WHAT YOU ARE ASKED TO DO
Reproduce the full listing as it stands. Images do not belong in the copy.
** Opening GIVEN DATA block **
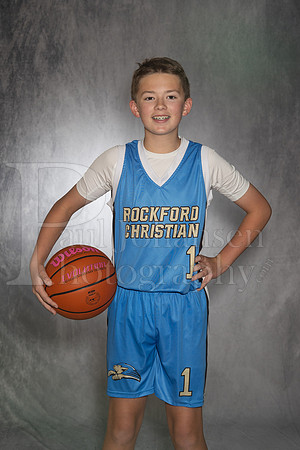 Rockford Christian MS Boys 7th Grade Basketball Winter 2024-0326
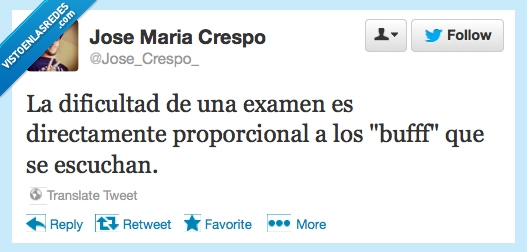 profesor,clase,alumnos,escuchar,bufff,directamente proporcional,difícil,examen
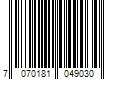 Barcode Image for UPC code 7070181049030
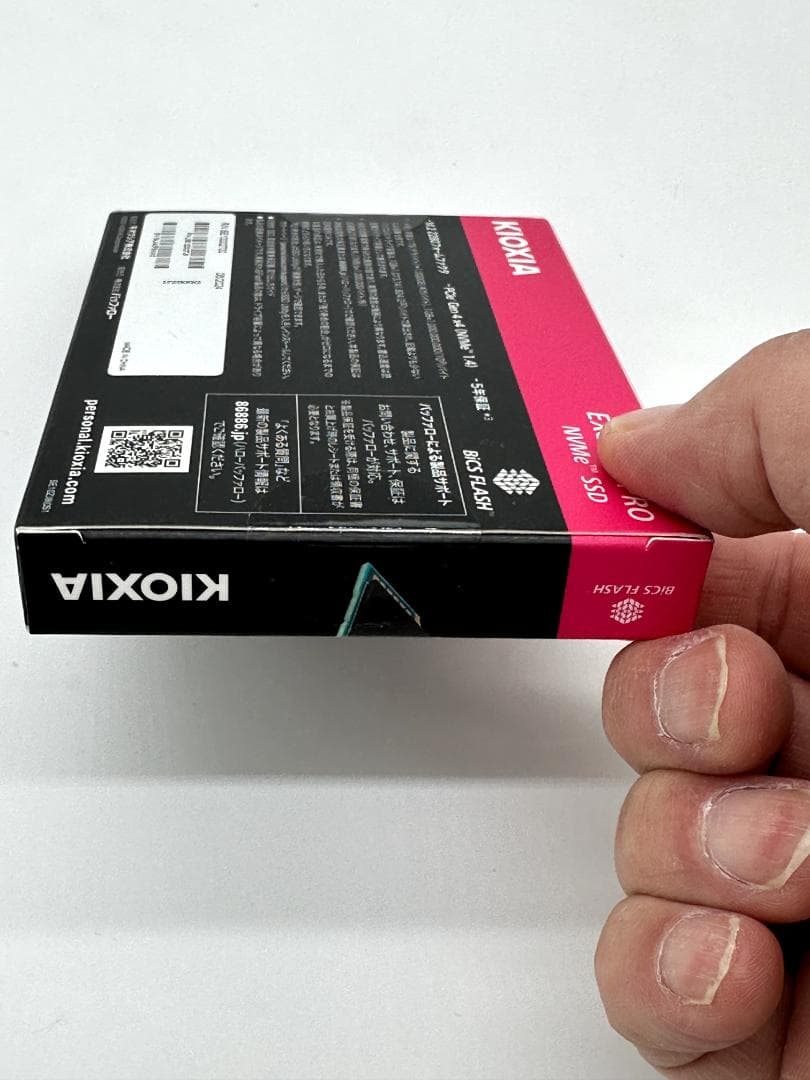 【新品未開封品】KIOXIA EXCERIA PRO M.2 Gen4 2TB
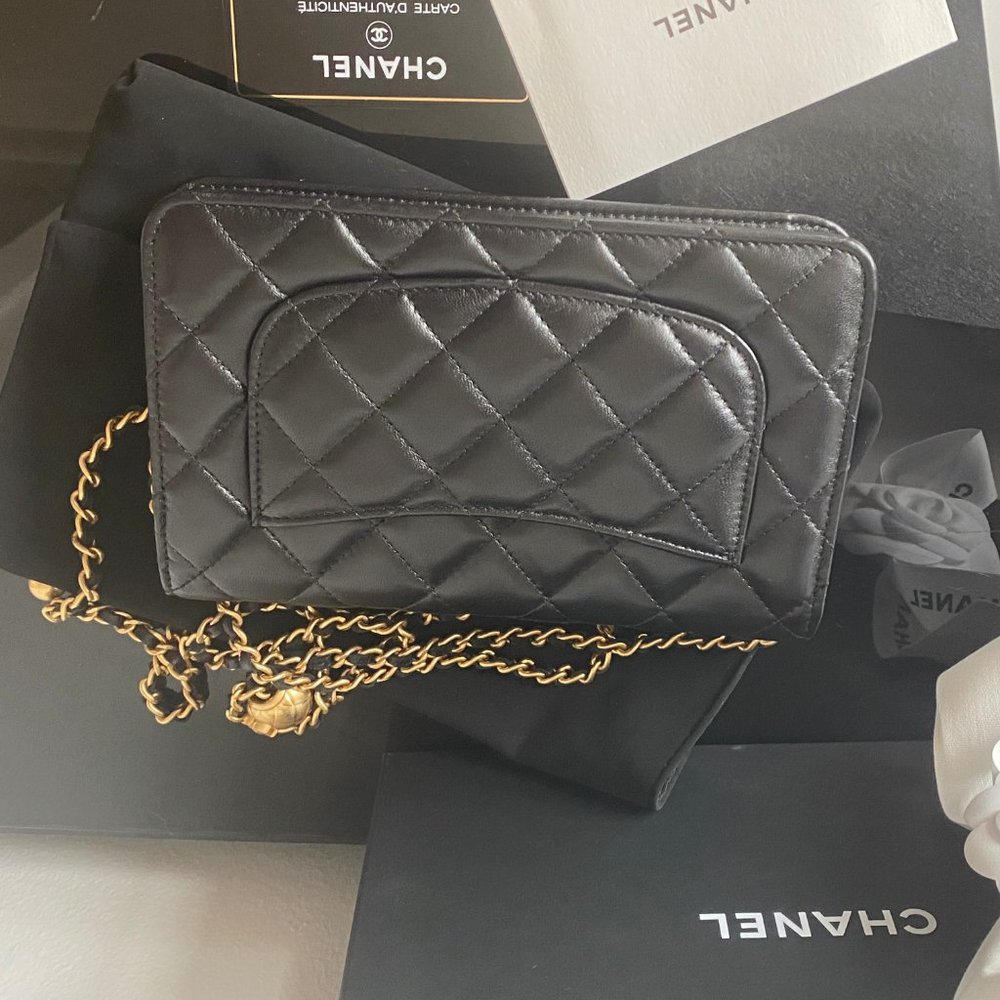 Chanel Clutch on Chain Mini Flap Bag WOC - Picture 5 of 14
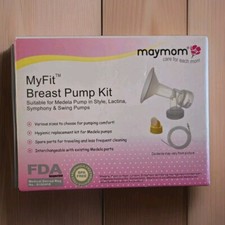 Maymom my fit breast pump kit for medela pumps 25 mm New in box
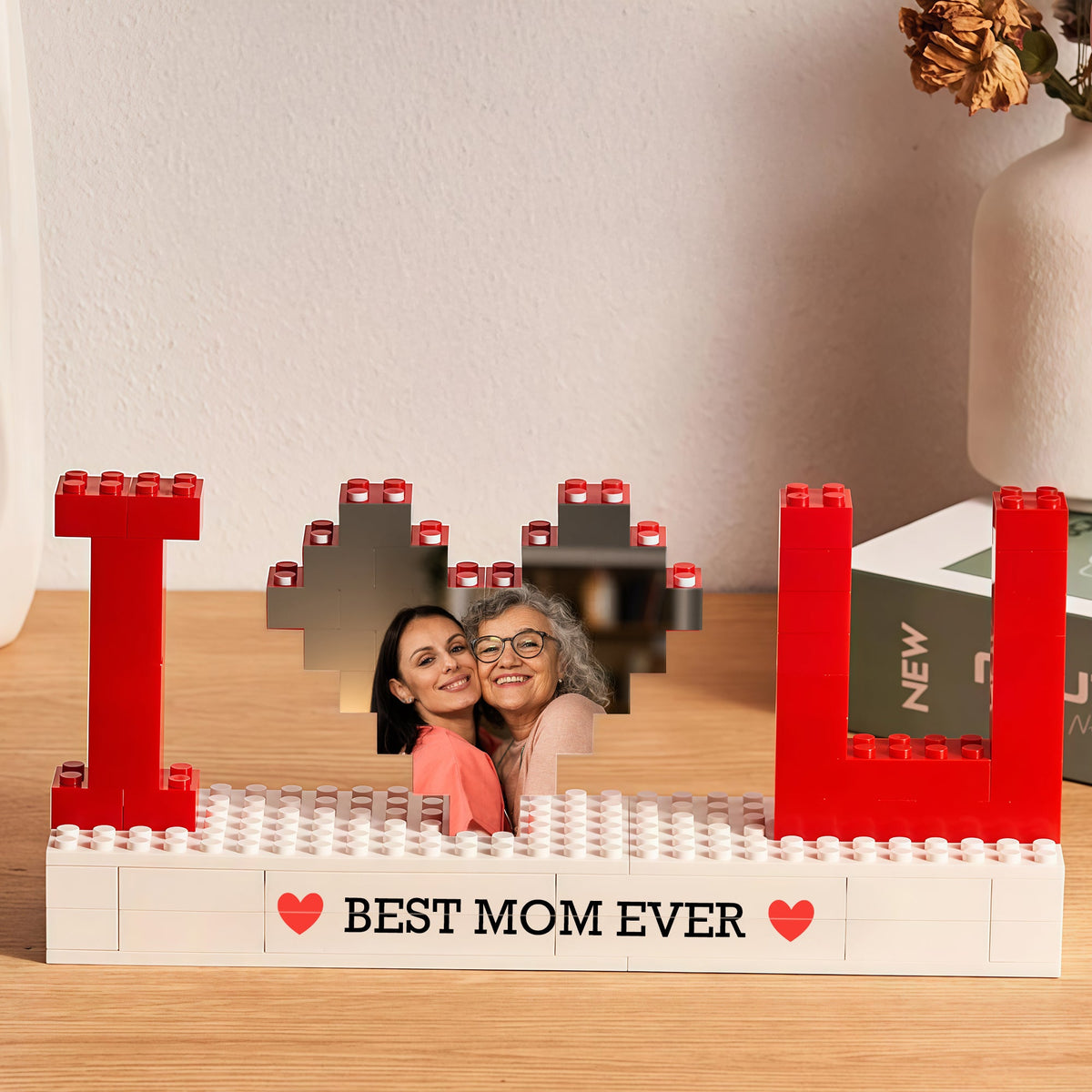 Custom Photo Best Mom Ever Building Brick Blocks Mother's Day Gifts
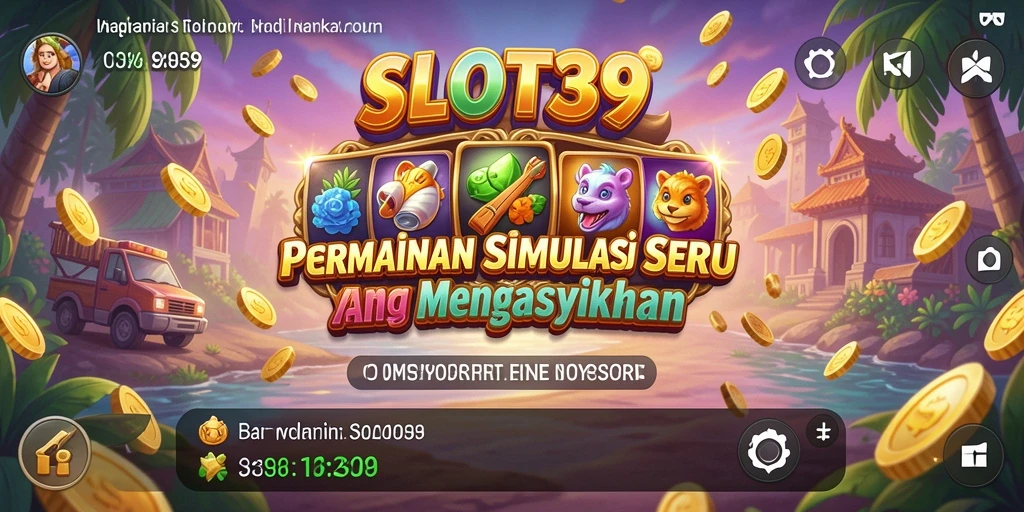 Tampilan gameplay SLOT39 yang seru dan menegangkan.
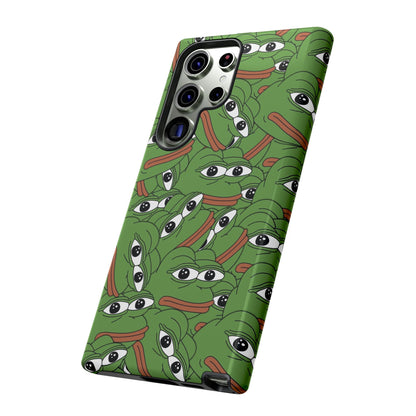 Pepe Tough Phone Cases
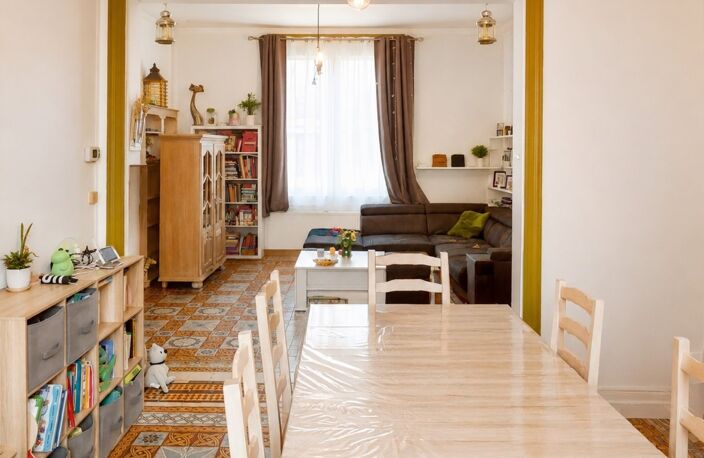 Maison 1930 – 6pièces / 5 chambres – Jardin 150 m² – Proche centre Somain — photo 5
** Closing GIVEN DATA block **
SOLUTION TO THE PROBLEM
 Rockford Christian MS Boys 7th Grade Basketball Winter 2024-0326
 profesor,clase,alumnos,escuchar,bufff,directamente proporcional,difícil,examen
 Barcode Image for UPC code 7070181049030
 【新品未開封品】KIOXIA EXCERIA PRO M.2 Gen4 2TB
 Chanel Clutch on Chain Mini Flap Bag WOC - Picture 5 of 14
 Maymom my fit breast pump kit for medela pumps 25 mm New in box
 Custom Photo Best Mom Ever Building Brick Blocks Mother's Day Gifts
 Tampilan gameplay SLOT39 yang seru dan menegangkan.
 Pepe Tough Phone Cases
 Maison 1930 – 6pièces / 5 chambres – Jardin 150 m² – Proche centre Somain — photo 5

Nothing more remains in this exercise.